The dynamics of the evening, moderated by Hartwick Professor Kate O’Donnell, followed an outline another panelist, Dan Buttermann, brought back from Al Gore’s “Climate Reality Project” forum last year in Los Angeles: “Must we do it? Can we do it? Will we do it?”
And OCCA’s Leslie Orzetti, the third panelist, addressed that final question, outlining steps being taken locally, from the half-dozen localities that have taking NYSERDA’s “Climate Smart Communities Pledge” – the City of Oneonta and Village of Cooperstown among them; not Otsego County yet – to SUNY Oneonta considering a small-scale windmill project at the north end of campus.
Other news also came out of the evening:
• Solstice Inc.’s 2-megawatt solar-energy farm on Pool Brook Road, Laurens, that will serve 355 homes, is going through final testing before becoming operational, Community Outreach Coordinator Jackie Burke reported.

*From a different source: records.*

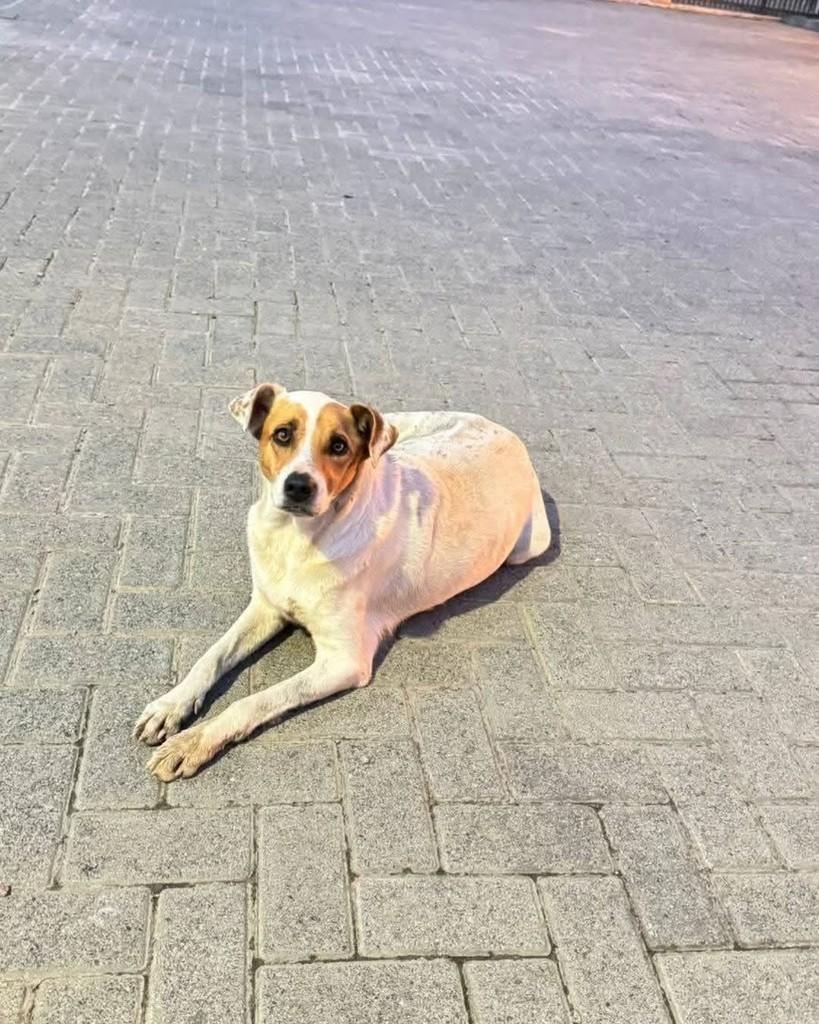 Frida, cadela de porte médio para adoção em Rio do Sul - SC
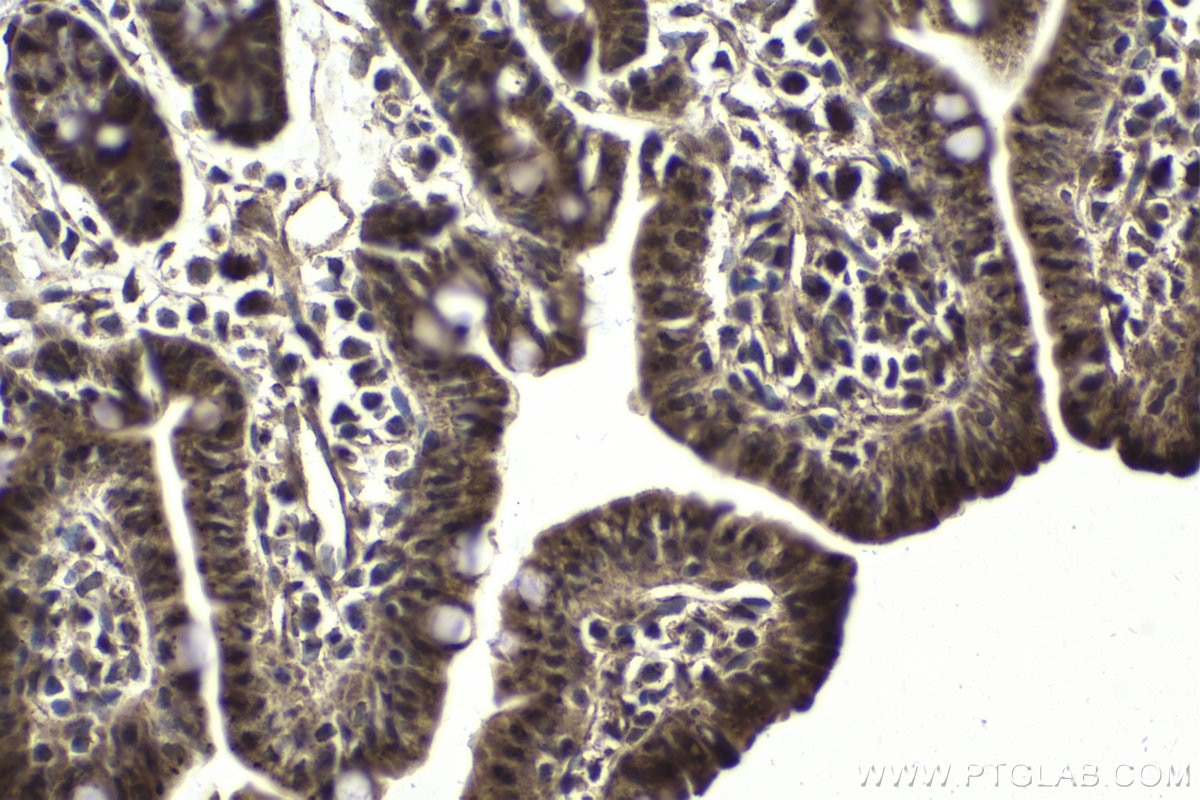 Immunohistochemical analysis of paraffin-embedded mouse small intestine tissue slide using KHC1798 (MAEA IHC Kit).
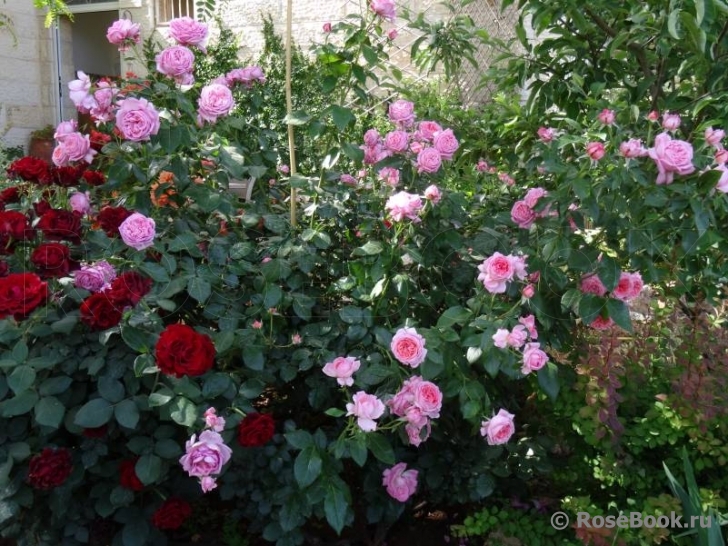La Rose de Molinard ® (Delgrarose). 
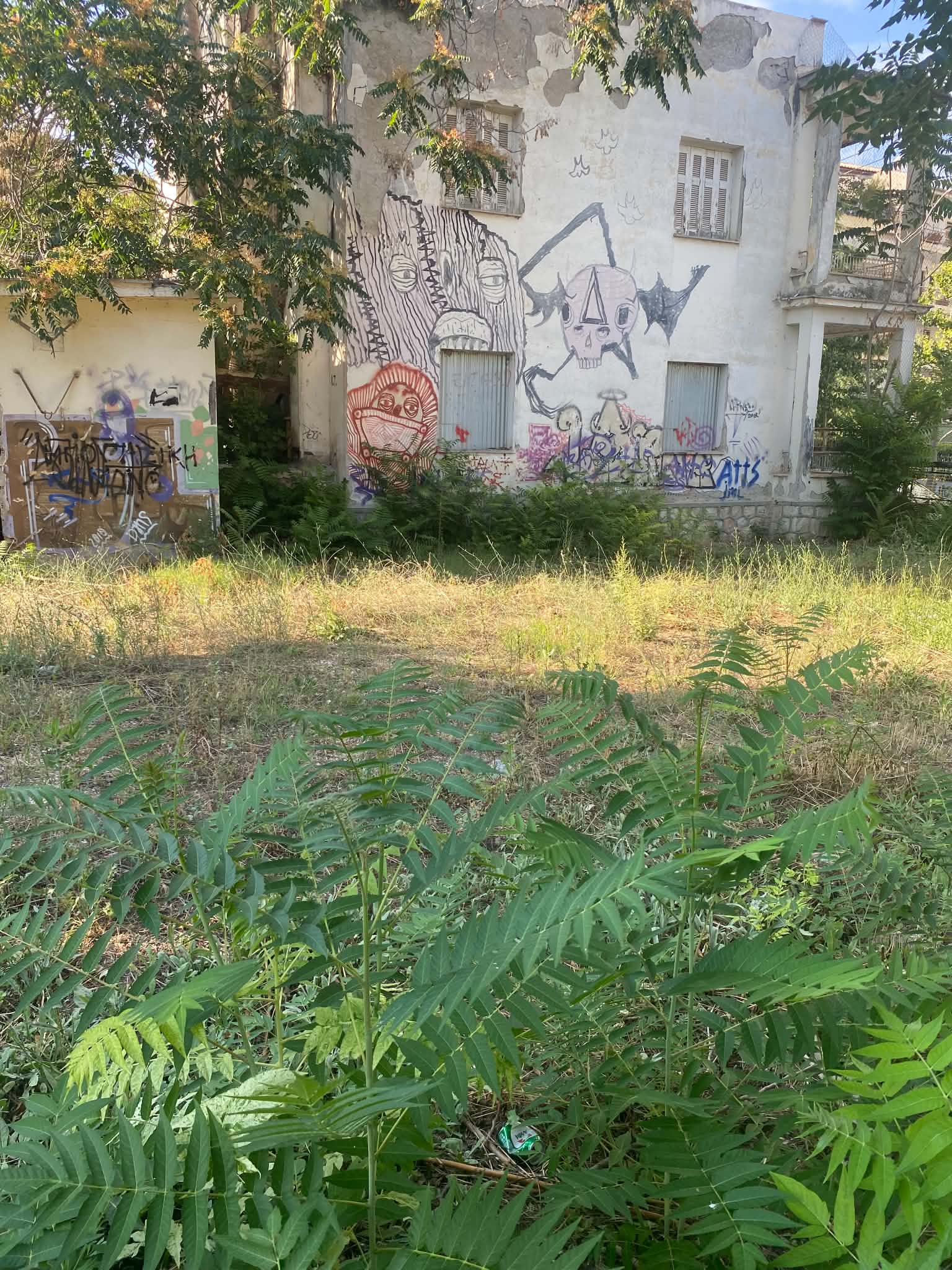 Βραδυφλεγής βόμβα για πυρκαγιά ακαθάριστη δημοτική έκταση στο κέντρο της Λάρισας (ΦΩΤΟ)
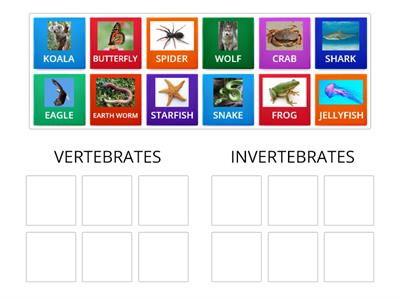 VERTEBRATES/INVERTEBRATES_ classification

• Members of the county goverment’s Energy Task Force will be finalized at 9 a.m. next Tuesday, when the five-member Leadership Team meets, said Orzetti. She is on the Leadership Team, along county Reps. Meg Kennedy and Michele Farwell, Oneonta Town Supervisor Bob Wood and Oneonta City Engineer Greg Mattice.
• Corning’s Oneonta plant is planning a solar farm behind its building on the River Street Extension with the idea of generating enough energy to cover the plant’s needs, Council member Joe Ficano confirmed in response to a question from the audience.
The presentations underscore how greenhouse gases created by fossil fuels are causing global warming, but the speakers were generally bullish about the possibilities of renewables. For instance, Buttermann noted that there’s enough wind to generate 40 times the world’s energy needs, if it can be harnessed.
And Orzetti pointed out a global-warming upside: It may extend our growing season around here. CADE (the Oneonta-based Center for Agricultural Development & Entrepreneurship) is looking at ways to turn Upstate New York into the “nation’s breadbasket,” she said.
Still, the challenges of and contradictions in answering Gore’s three questions surfaced over the evening.
Ed Lentz, who chairs the Butternut Valley Alliance, asked whether a carbon tax could nudge people toward renewables. The problem with a carbon tax, Seeley said, is that the wealthy pay it unthinkingly, while poorer people who have to depend on gasoline and fuel oil are unfairly burdened.
But when Scott Fickbohm, the DEC environmental analyst, asked how to shift the local population to more expensive energy solutions, Seeley said: a carbon tax. “You make the problem resource more expensive,” he explained.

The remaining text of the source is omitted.